*** Opening of Records provided ***
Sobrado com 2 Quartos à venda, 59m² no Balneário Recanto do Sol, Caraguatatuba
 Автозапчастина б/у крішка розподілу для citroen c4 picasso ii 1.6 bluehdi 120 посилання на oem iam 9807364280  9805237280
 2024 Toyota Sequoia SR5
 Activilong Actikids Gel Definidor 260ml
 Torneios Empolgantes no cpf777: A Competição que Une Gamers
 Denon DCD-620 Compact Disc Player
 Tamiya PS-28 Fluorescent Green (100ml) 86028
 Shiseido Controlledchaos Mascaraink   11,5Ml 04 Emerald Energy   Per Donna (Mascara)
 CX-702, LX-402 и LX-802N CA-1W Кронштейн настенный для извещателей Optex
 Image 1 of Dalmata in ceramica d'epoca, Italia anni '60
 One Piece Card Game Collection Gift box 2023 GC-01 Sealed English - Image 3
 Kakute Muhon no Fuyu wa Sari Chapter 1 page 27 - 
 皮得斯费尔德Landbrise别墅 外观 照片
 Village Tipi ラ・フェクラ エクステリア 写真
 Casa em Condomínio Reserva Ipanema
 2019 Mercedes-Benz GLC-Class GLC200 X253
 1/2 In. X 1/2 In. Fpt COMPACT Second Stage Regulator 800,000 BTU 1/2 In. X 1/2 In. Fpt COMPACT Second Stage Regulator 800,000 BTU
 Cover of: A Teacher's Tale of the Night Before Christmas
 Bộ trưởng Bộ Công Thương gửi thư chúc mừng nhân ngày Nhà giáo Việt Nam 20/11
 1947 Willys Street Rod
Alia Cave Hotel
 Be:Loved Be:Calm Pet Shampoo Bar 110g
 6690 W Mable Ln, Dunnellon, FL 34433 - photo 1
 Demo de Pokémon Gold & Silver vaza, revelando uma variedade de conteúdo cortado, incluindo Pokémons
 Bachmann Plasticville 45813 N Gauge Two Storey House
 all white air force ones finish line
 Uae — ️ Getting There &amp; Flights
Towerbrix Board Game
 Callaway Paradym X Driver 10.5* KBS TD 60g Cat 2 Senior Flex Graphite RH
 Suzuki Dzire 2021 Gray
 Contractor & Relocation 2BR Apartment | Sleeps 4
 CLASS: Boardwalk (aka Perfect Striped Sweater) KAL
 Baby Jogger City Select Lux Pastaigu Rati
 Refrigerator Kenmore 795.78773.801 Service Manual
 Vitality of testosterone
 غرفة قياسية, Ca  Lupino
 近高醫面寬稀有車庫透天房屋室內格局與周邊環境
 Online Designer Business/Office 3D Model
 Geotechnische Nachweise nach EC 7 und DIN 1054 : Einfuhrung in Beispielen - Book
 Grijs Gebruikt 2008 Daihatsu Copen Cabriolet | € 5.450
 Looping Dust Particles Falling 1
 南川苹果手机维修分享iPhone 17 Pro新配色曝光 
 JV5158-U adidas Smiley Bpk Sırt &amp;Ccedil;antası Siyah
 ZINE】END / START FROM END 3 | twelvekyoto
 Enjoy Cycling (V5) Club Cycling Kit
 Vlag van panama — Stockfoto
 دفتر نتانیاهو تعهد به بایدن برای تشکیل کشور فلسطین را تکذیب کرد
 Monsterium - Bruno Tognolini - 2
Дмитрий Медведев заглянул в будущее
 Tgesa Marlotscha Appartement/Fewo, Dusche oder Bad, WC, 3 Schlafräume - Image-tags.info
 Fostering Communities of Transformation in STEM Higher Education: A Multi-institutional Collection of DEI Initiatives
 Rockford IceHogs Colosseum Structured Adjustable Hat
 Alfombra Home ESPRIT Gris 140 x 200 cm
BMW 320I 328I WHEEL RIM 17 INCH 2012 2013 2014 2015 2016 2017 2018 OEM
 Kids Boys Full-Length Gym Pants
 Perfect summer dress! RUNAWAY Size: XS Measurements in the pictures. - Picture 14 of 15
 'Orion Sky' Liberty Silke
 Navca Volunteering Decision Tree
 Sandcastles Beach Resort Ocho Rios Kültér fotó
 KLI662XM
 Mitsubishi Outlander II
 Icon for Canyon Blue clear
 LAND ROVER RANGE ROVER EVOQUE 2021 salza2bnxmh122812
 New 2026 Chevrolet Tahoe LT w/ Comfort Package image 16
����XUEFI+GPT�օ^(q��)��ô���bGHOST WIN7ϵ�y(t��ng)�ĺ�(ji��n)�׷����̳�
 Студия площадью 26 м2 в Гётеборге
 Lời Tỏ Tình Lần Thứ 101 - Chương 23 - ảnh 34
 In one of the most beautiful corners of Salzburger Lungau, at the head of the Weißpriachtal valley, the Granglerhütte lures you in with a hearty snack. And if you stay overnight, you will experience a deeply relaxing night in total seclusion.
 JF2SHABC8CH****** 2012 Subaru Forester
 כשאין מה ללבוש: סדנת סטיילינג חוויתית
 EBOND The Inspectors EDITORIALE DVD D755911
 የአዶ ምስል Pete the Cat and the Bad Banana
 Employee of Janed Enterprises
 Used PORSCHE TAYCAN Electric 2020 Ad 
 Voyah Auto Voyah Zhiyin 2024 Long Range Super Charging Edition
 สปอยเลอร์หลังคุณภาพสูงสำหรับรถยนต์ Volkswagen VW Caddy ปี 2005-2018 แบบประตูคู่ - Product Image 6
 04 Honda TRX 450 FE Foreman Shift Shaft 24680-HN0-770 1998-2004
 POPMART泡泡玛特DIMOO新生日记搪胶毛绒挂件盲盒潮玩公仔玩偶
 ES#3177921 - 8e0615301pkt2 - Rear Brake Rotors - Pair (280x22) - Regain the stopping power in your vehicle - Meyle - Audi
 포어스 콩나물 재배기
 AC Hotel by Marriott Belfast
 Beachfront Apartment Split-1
*** Close of Records provided ***
● **What the task requires**
Give back every record exactly.

● **Exercise response**
Sobrado com 2 Quartos à venda, 59m² no Balneário Recanto do Sol, Caraguatatuba
 Автозапчастина б/у крішка розподілу для citroen c4 picasso ii 1.6 bluehdi 120 посилання на oem iam 9807364280  9805237280
 2024 Toyota Sequoia SR5
 Activilong Actikids Gel Definidor 260ml
 Torneios Empolgantes no cpf777: A Competição que Une Gamers
 Denon DCD-620 Compact Disc Player
 Tamiya PS-28 Fluorescent Green (100ml) 86028
 Shiseido Controlledchaos Mascaraink   11,5Ml 04 Emerald Energy   Per Donna (Mascara)
 CX-702, LX-402 и LX-802N CA-1W Кронштейн настенный для извещателей Optex
 Image 1 of Dalmata in ceramica d'epoca, Italia anni '60
 One Piece Card Game Collection Gift box 2023 GC-01 Sealed English - Image 3
 Kakute Muhon no Fuyu wa Sari Chapter 1 page 27 - 
 皮得斯费尔德Landbrise别墅 外观 照片
 Village Tipi ラ・フェクラ エクステリア 写真
 Casa em Condomínio Reserva Ipanema
 2019 Mercedes-Benz GLC-Class GLC200 X253
 1/2 In. X 1/2 In. Fpt COMPACT Second Stage Regulator 800,000 BTU 1/2 In. X 1/2 In. Fpt COMPACT Second Stage Regulator 800,000 BTU
 Cover of: A Teacher's Tale of the Night Before Christmas
 Bộ trưởng Bộ Công Thương gửi thư chúc mừng nhân ngày Nhà giáo Việt Nam 20/11
 1947 Willys Street Rod
Alia Cave Hotel
 Be:Loved Be:Calm Pet Shampoo Bar 110g
 6690 W Mable Ln, Dunnellon, FL 34433 - photo 1
 Demo de Pokémon Gold & Silver vaza, revelando uma variedade de conteúdo cortado, incluindo Pokémons
 Bachmann Plasticville 45813 N Gauge Two Storey House
 all white air force ones finish line
 Uae — ️ Getting There &amp; Flights
Towerbrix Board Game
 Callaway Paradym X Driver 10.5* KBS TD 60g Cat 2 Senior Flex Graphite RH
 Suzuki Dzire 2021 Gray
 Contractor & Relocation 2BR Apartment | Sleeps 4
 CLASS: Boardwalk (aka Perfect Striped Sweater) KAL
 Baby Jogger City Select Lux Pastaigu Rati
 Refrigerator Kenmore 795.78773.801 Service Manual
 Vitality of testosterone
 غرفة قياسية, Ca  Lupino
 近高醫面寬稀有車庫透天房屋室內格局與周邊環境
 Online Designer Business/Office 3D Model
 Geotechnische Nachweise nach EC 7 und DIN 1054 : Einfuhrung in Beispielen - Book
 Grijs Gebruikt 2008 Daihatsu Copen Cabriolet | € 5.450
 Looping Dust Particles Falling 1
 南川苹果手机维修分享iPhone 17 Pro新配色曝光 
 JV5158-U adidas Smiley Bpk Sırt &amp;Ccedil;antası Siyah
 ZINE】END / START FROM END 3 | twelvekyoto
 Enjoy Cycling (V5) Club Cycling Kit
 Vlag van panama — Stockfoto
 دفتر نتانیاهو تعهد به بایدن برای تشکیل کشور فلسطین را تکذیب کرد
 Monsterium - Bruno Tognolini - 2
Дмитрий Медведев заглянул в будущее
 Tgesa Marlotscha Appartement/Fewo, Dusche oder Bad, WC, 3 Schlafräume - Image-tags.info
 Fostering Communities of Transformation in STEM Higher Education: A Multi-institutional Collection of DEI Initiatives
 Rockford IceHogs Colosseum Structured Adjustable Hat
 Alfombra Home ESPRIT Gris 140 x 200 cm
BMW 320I 328I WHEEL RIM 17 INCH 2012 2013 2014 2015 2016 2017 2018 OEM
 Kids Boys Full-Length Gym Pants
 Perfect summer dress! RUNAWAY Size: XS Measurements in the pictures. - Picture 14 of 15
 'Orion Sky' Liberty Silke
 Navca Volunteering Decision Tree
 Sandcastles Beach Resort Ocho Rios Kültér fotó
 KLI662XM
 Mitsubishi Outlander II
 Icon for Canyon Blue clear
 LAND ROVER RANGE ROVER EVOQUE 2021 salza2bnxmh122812
 New 2026 Chevrolet Tahoe LT w/ Comfort Package image 16
����XUEFI+GPT�օ^(q��)��ô���bGHOST WIN7ϵ�y(t��ng)�ĺ�(ji��n)�׷����̳�
 Студия площадью 26 м2 в Гётеборге
 Lời Tỏ Tình Lần Thứ 101 - Chương 23 - ảnh 34
 In one of the most beautiful corners of Salzburger Lungau, at the head of the Weißpriachtal valley, the Granglerhütte lures you in with a hearty snack. And if you stay overnight, you will experience a deeply relaxing night in total seclusion.
 JF2SHABC8CH****** 2012 Subaru Forester
 כשאין מה ללבוש: סדנת סטיילינג חוויתית
 EBOND The Inspectors EDITORIALE DVD D755911
 የአዶ ምስል Pete the Cat and the Bad Banana
 Employee of Janed Enterprises
 Used PORSCHE TAYCAN Electric 2020 Ad 
 Voyah Auto Voyah Zhiyin 2024 Long Range Super Charging Edition
 สปอยเลอร์หลังคุณภาพสูงสำหรับรถยนต์ Volkswagen VW Caddy ปี 2005-2018 แบบประตูคู่ - Product Image 6
 04 Honda TRX 450 FE Foreman Shift Shaft 24680-HN0-770 1998-2004
 POPMART泡泡玛特DIMOO新生日记搪胶毛绒挂件盲盒潮玩公仔玩偶
 ES#3177921 - 8e0615301pkt2 - Rear Brake Rotors - Pair (280x22) - Regain the stopping power in your vehicle - Meyle - Audi
 포어스 콩나물 재배기
 AC Hotel by Marriott Belfast
 Beachfront Apartment Split-1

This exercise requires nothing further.